Abdul Rasheed Azad
Published Date: Sep 14, 2018
Serious structural reforms needed to tackle economic mess: speakers
While discussing Pakistan’s current economic outlook, speakers at a seminar said that it is not much promising as economy is facing serious pressures on all accounts. They said to deal with the fiscal, monetary and balance of trade issues, serious structural reforms at all level are requisite to prevent economic crisis.
While addressing the ‘National Symposium on State of the Economy,’ organized by the Sustainable Development Policy Institute (SDPI) in collaboration with Beacon House National University (BNU) here on Thursday, the experts said that to ease pressure attributed to current account deficit, the government needs to focus on curtailing non-essential imports, promoting competitiveness of exporting enterprises, attracting foreign direct investment and encouraging greater remittance inflows.
They said that more discussions and debates around the future strategic direction of Pakistan economy are needed than ever before. Reforming tax policy, energy sector, and public sector enterprises are a key to fiscal sustainability of Pakistan to bring down the cost of doing business, they added. "Our focus should be on those sectors and areas where revenues can be generated in the short-term. We also need to adjust and amend tariff structure," they suggested.
Speaking on the occasion, former Minister & Deputy Chairman Planning Commission Sartaj Aziz said that the government in medium-term should identify growth areas which are labor-intensive and technology-oriented for sustained growth. He said, "We should not overlook poverty and other social sectors. We should rather take measures to expand the social safety net for the vulnerable group through the help of technology," Aziz suggested.
He said that the government should be mindful while choosing those short-term measures which should not affect the growth rate. He stressed the government to implement Pakistan’s first ever Water Policy which was approved in April 2018 to overcome water related challenges.
Former Finance Minister Dr Hafeez A Pasha said that Pakistan’s revenues are not diverse enough while development expenditure phenomenally is all the times high. He said that the structural problem in last few years is net revenue receipt of the federal government that had actually declined in absolute terms, even though the Federal Board of Revenue (FBR) targets grown up which are mainly non-tax revenues and non-FBR taxes. He said that the problem lies with the revenue projections which require adjustments.
He suggested that the incumbent government in short-term should raise tax exemption limit on income tax to Rs 800,000, whereas tariff rates need to be brought down from 30 percent to 25 percent by revising the Finance Bill 2017.
He said that the government should liberalize the economy while bringing down the tariffs on imports. He suggested steps to expand the tax base, such as compulsory filing of returns by the citizens and registered companies, etc. Moreover, he suggested the program for rightsizing to cut the expenditures. He further said that there are three areas that require serious attention in the Public Sector Development Program (PSDP): water, power distribution and transmission and China-Pakistan Economic Corridor (CPEC), which are an engine of growth in the long-term.
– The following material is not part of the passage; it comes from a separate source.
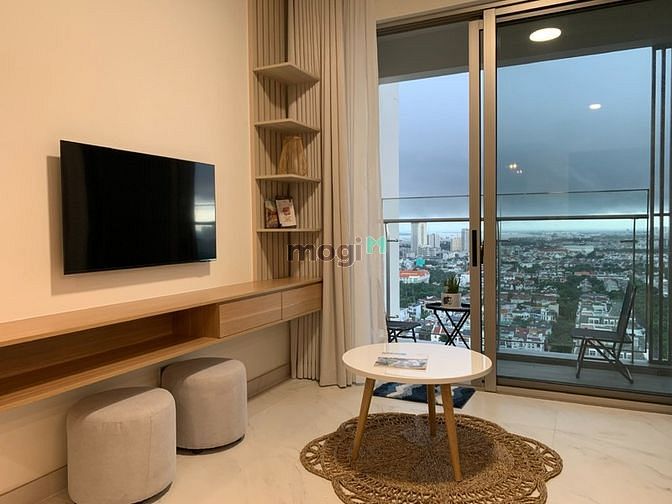 Hình ảnh Cần cho thuê gấp Trang Chủ MB66.COM / Đăng Ký Tặng 66K cao cấp Midtown thiết kế cổ điển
Former Governor State Bank of Pakistan and Vice Chancellor Beacon House National University, Shahid H Kardar said that Pakistan’s economy is facing serious challenges of current account deficit and the trade deficit, which have reached exceptionally high levels. He said that the foreign exchange reserves are at a perilously low level and continuously under stress. To check the increasing vulnerability of the rupee, the economy has to be stabilized on a more or less emergency basis, he added.
Executive Director SDPI, Dr Abid Qaiyum said that it is unfortunate that the economy is such a subject which is being politicized in Pakistan. He said that macroeconomic imbalances, if not addressed in time, can also put the newfound economic growth in danger and can threaten the prospects of long-term sustainable development in the country. He said that their aim is to provide independent advice to the government on policy issues.